Esurance Chief Marketing Officer John Swigart explains, “The campaign brings a fresh voice to an incredibly crowded category. We think consumers are tiring of the escalating silliness of many car insurance commercials, many of which focus solely on price”…”we deliberately chose a voice and feel that contrast with the atmosphere we’ve seen in some recent car insurance ads. We think the new campaign shows that Esurance is the ideal company for insurance ‘do-it-yourselfers’ and invites them to take a fresh look at Esurance when they next shop for car insurance.”
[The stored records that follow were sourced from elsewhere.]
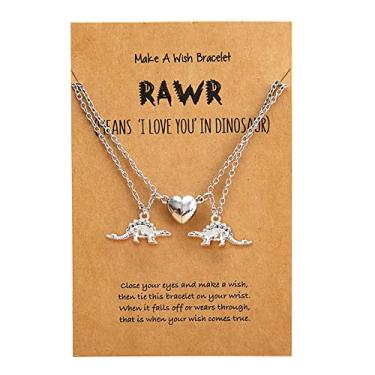 Imagem de MJartoria Colar BFF para 2 pingentes de dinossauros colar de melhor amigo combinando com pingente de amizade para presentes para casais, Metal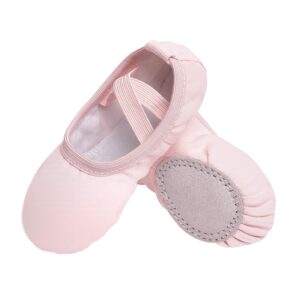 Stelle Canvas Ballet Shoes Toddler Girls Ballet Slippers No-Tie Boys Dance Shoes(Ballet Pink,11 Little Kid)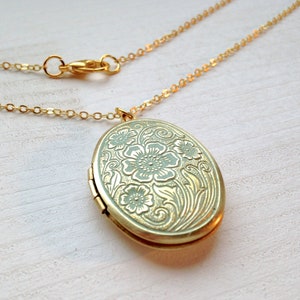 raw brass mint handmade floral locket patina necklace image 1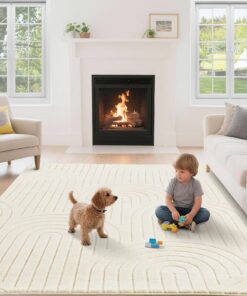 Wohnzimmerteppich Kurzflor Hoch-Tief-Effekt Beige 3D 160x220cm Moderner Design Schlafzimmer Kinderzimmer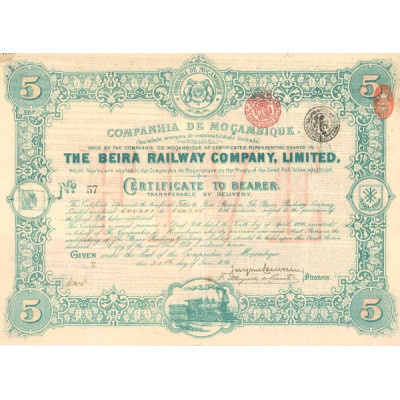 Cy de Moçambique - The Beira Railway Cy Ltd (Titre 05 Certif)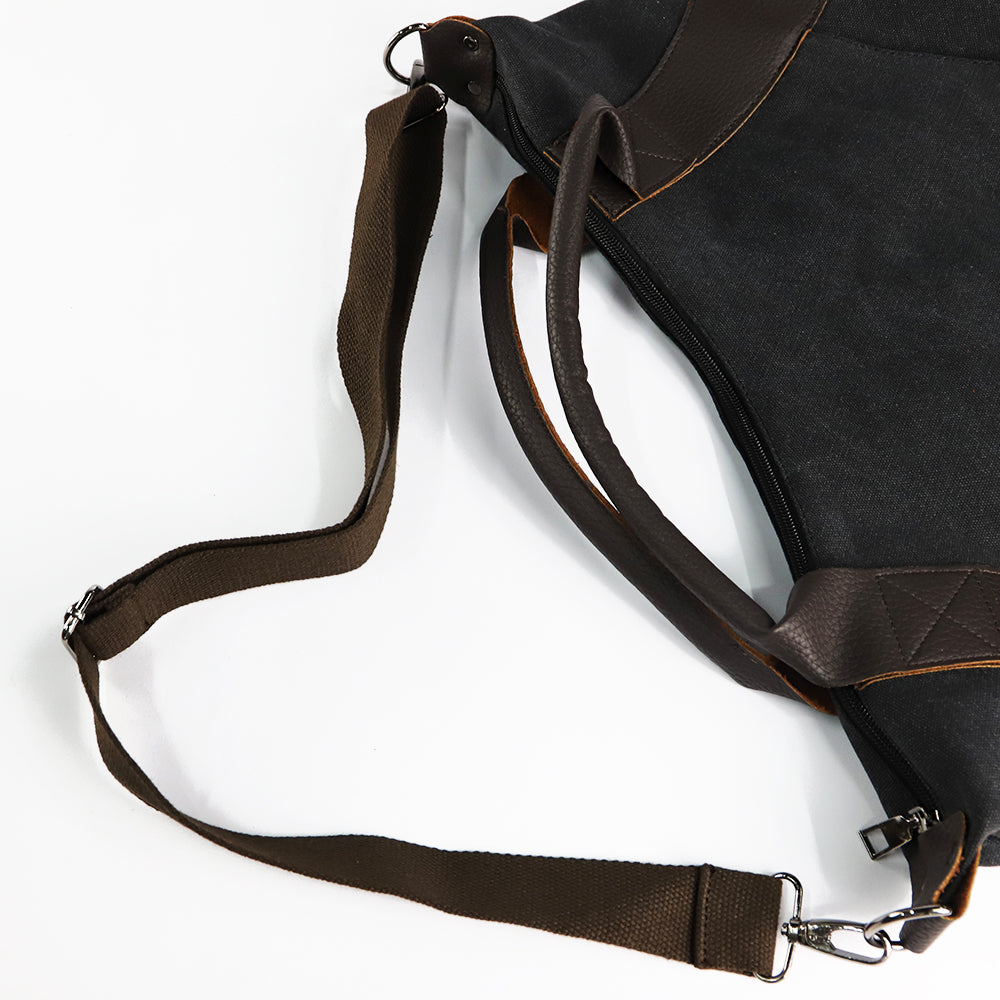 Lake blue canvas shoulder bag with contrast handles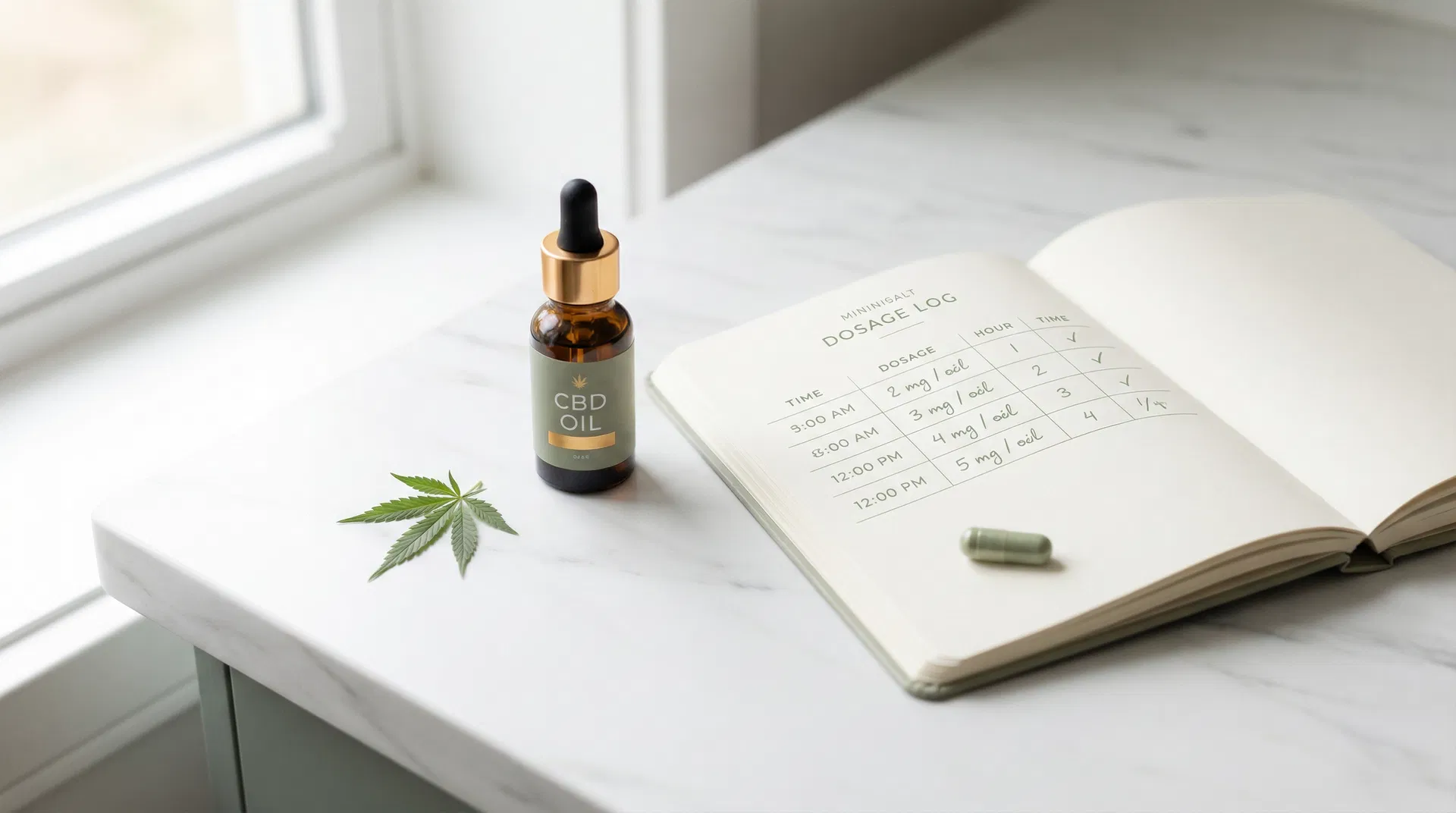 Cannabis microdosing setup with CBD oil dropper, dosage journal, and cannabis leaf on white marble surface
To me, Esurance seems to be improving their campaigns as time goes on. Erin the insurance spy was a good ploy to create an immediately-identifiable corporate icon, but it fell short in terms of coherence to the insurance industry. The actor-portrayed office skits were not really any more humorous, but the ambiance they exuded was much less frenetic, and much more approachable. Those ads also helped to establish Esurance as more than just an automated online quote service, promising the customer at least some human contact if he/she so desires. These ads were lacking innovation, however, and to me they felt as if they were produced by the same company that produced recent Progressive ads (featuring an actor portrayal of a quirky insurance peddler named “Flo”). They focused on short, witty scripts designed to make the customer feel comfortable with the (actor-portrayed) people who work at these companies, giving an industry like car insurance a more human touch.
I predict companies like Esurance will experience growth over time as more industries convert to an “a la cart” style of offering their products and services. Do-It-Yourselfers will reject the necessity of a personal insurance agent, and will look to Esurance to provide insurance without a “middleman.” Also, as the Internet plays a more instrumental role in all of our lives, I expect companies who use the capabilities of the Internet to their advantage will experience growth over companies who cannot reach the demographic of educated, Internet shoppers.
But what do you think? Is Esurance making a mistake by changing its campaigns so often? Does it make it harder for consumers to identify the brand? And now that Esurance is openly advertising the fact they are a subsidiary of Allstate, how will that affect brand image?
Only time will tell if this new campaign will convince consumers that Esurance is ready to be a major competitor like its parent company, and whether or not it will establish an image as “insurance for the modern world.”